GT Advanced, in a January 2014 corporate overview, told investors, “In Nov. 2013, GT signed a multi-year sapphire materials supply agreement with a leading OEM, which is expected to provide GT with a platform for recurring sapphire materials revenues.”
Corning, the maker of Gorilla Glass, has questioned the feasibility of using sapphire—an incredibly strong material—for mobile phone displays.
“What would people say if someone invented a cover that was about half the weight, used 99 percent less energy to make, provided brighter displays and cost less than a tenth of sapphire?” Jeffrey Evenson, Corning’s senior vice president, wrote in a May 2013 report. “I think they’d say that sapphire is in real trouble. It so happens that we at Corning already invented that cover—and it’s called Gorilla Glass.”

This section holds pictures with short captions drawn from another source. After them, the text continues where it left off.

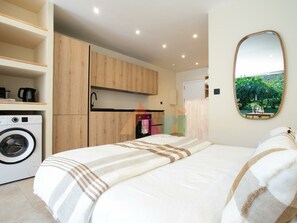 A modern bedroom with a bed, a washing machine, and a mirror reflecting a garden view. - Elegant Garden Suite in Anse Marcel (Saint-Martin)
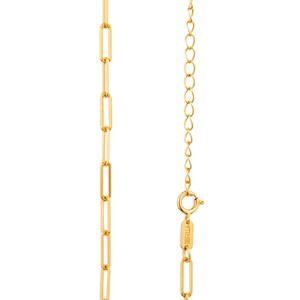May include: A gold-coloured necklace featuring a paperclip chain design. The necklace has an elongated link pattern. The clasp and extender chain are visible. The brand name "DECALLA" is engraved on the clasp.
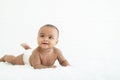 Adorable newborn Nigerian Asian baby girl wear diaper smiling with sparkling bright eyes and crawling on fluffy carpet on bed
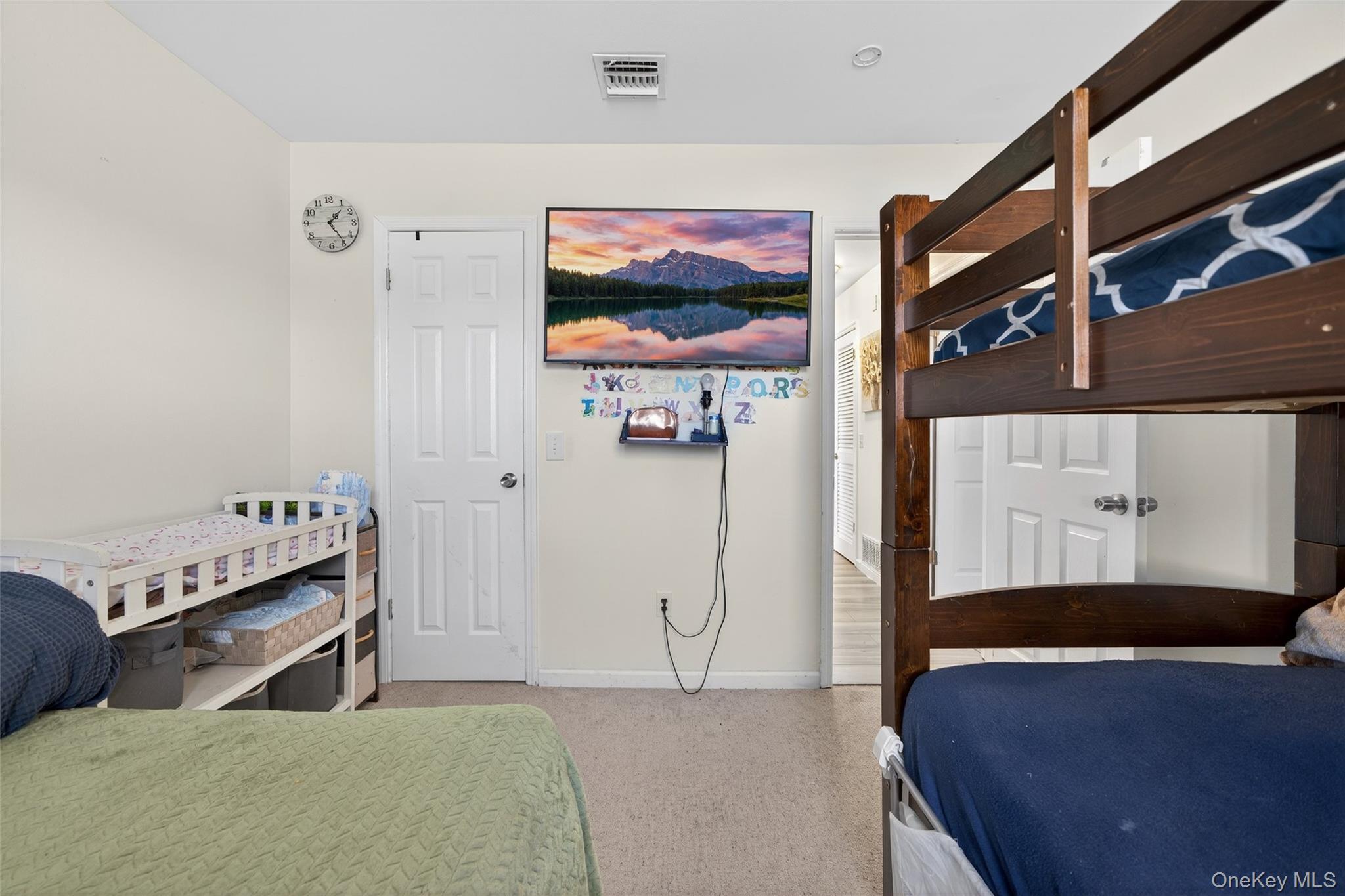 276 Temple Hill Road, Unit 2414 New Windsor, NY 12553 - Photo 20 of 29 a bedroom with bed and window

Apple is working to address, at the very least, the pricing issue. According to the 9to5Mac report, GT Advanced has ordered an Intego Sirius Slab Automated Sapphire Display Inspect Tool, the purpose of which, documents for the tool explain, is to lower manufacturing and fabrication costs.
The report cites materials that state, “GT Advanced Technologies is working with key downstream technology providers to optimize fabrication processes and technologies to lower the cost of sapphire cover screen material.”
It continues, “GT is partnering with Intego GmbH to develop a series of automated sapphire inspection tools that will increase the yield of high quality sapphire material from each boule and ensure that only high quality material enters the value stream. The … tool begins a new level of repeatability and performance throughput to the production of sapphire material intended for high volume markets such as mobile and touch screen devices.”
Apple currently uses sapphire for the protective cover on the camera lens of the iPhone 5 and iPhone 5S, as well as on the iPhone 5S’ home button, as part of its Touch ID solution.
It’s rumored that Apple is working on iPhones with larger displays—4.7 and 5.5 inches, Bloomberg reported Nov. 10, adding that the glass will be curved and feature pressure-sensitive sensors.
Cook has said nothing of Apple’s plans—except that customers “are going to love what we’re going to do”—and refuses to acknowledge whether the company is working on a new product category. It’s widely expected that Apple is working on a television set (an “iTV”) and a smartwatch (the “iWatch”), and it has even been reported that Apple is working on a ring.
Whether it will feature a sapphire is anybody’s guess.